Published: Wednesday, January 23, 2013, 9:00 p.m.
Updated: Thursday, January 24, 2013

Thou Shalt Not Move, a grassroots group, urged the Connellsville area to continue to support efforts to keep the Ten Commandments Monument at the Connellsville Junior High School.

A rally was held Wednesday night at the Connellsville Eagles urging the community to keep the fight in the headlines.

The grassroots organization formed after the Freedom From Religion Foundation and an anonymous parent and student filed a federal lawsuit against the Connellsville Area School District claiming constitutional violations. The organization is seeking that a Ten Commandments monument on the grounds of Connellsville Junior High School be moved.

The monument was donated to the school district more than 50 years ago by the local Eagles organization.

Pastor Ewing Marietta, one of the group organizers along with local resident, Gary Colatch, told those in attendance on Wednesday that “if we remain silent and don't speak up, we're complicit to what's about to happen.”

Colatch told those in attendance that it really was up to them and the community to keep this issue alive and in the forefront of people's minds.

“We are under attack on a national level and this issue, as small as it seems to some, is as big as the right to bear arms and Obamacare where they're taking the right to health care away from you,” Colatch said. “They're trying to strip away our rights. We're facing that tyranny today. We're facing that tyranny in Connellsville.”

He encouraged the community not to give up on this issue.

“Don't let this be the first domino to fall,” he said. “It costs you nothing to wait them out, but it costs you everything if they win.”

Marietta gave an update on several issues.
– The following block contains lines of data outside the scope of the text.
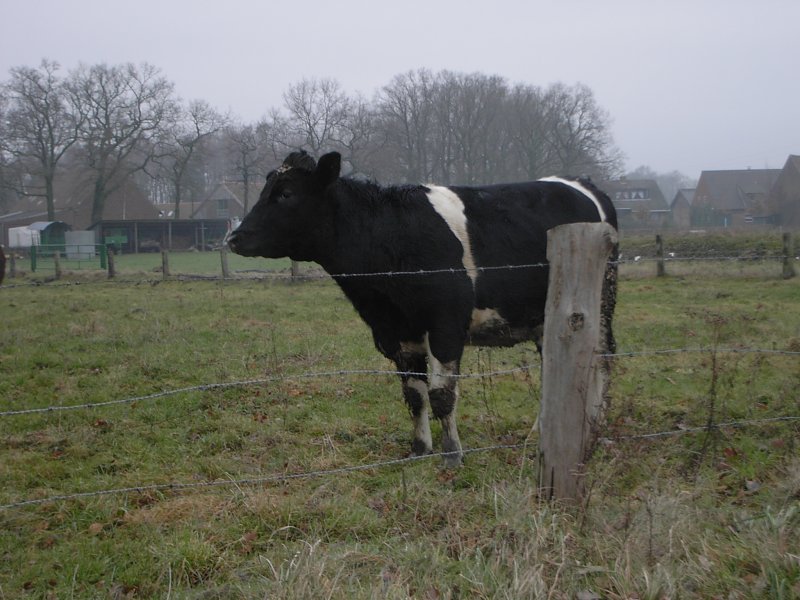 Eine gelangweilte Kuh in den Weiten des winterlichen Mnsterlandes.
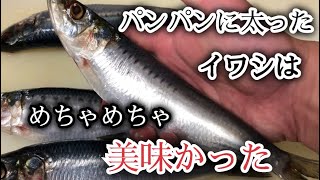 【江戸前】冬になると脂の質が段違い　想像の遥か上をいくイワシの旨味　綺麗に飾り包丁を入れ寿司にしました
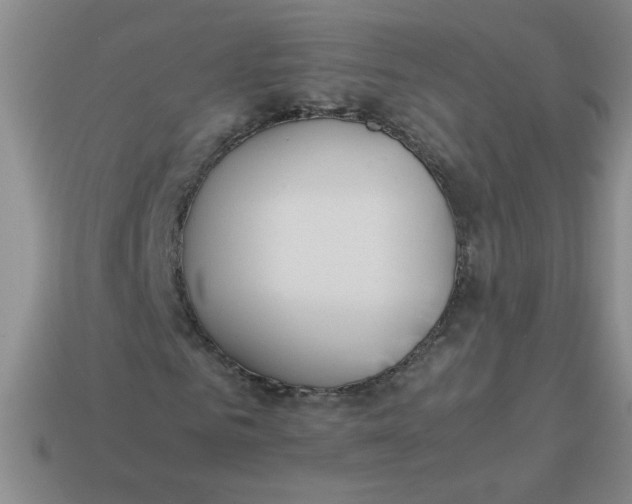X0000113890961200910151331
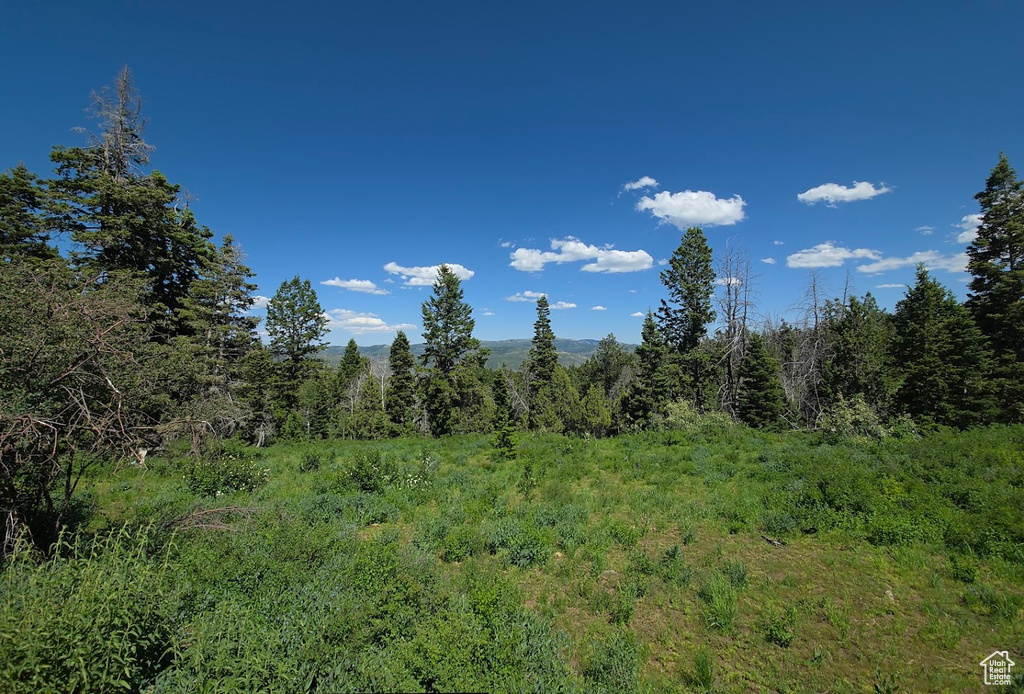 View of tree filled area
The group has sold about 600 signs since it met last month, making the total about 3,900.

He said the cause is spreading out to Smithfield and south and even to Columbus and Cleveland in Ohio.

“It's just slowly growing,” Marietta said. “They're seeing that we're willing to work and that we're willing to stand up for our rights.”

Right now there are plans to place seven different Ten Commandments monuments at area churches, but the weather is delaying installation.

The group will meet the fourth Wednesday of every month at 5 p.m. at the local Eagles in Connellsville.

Rachel Basinger is a freelance writer.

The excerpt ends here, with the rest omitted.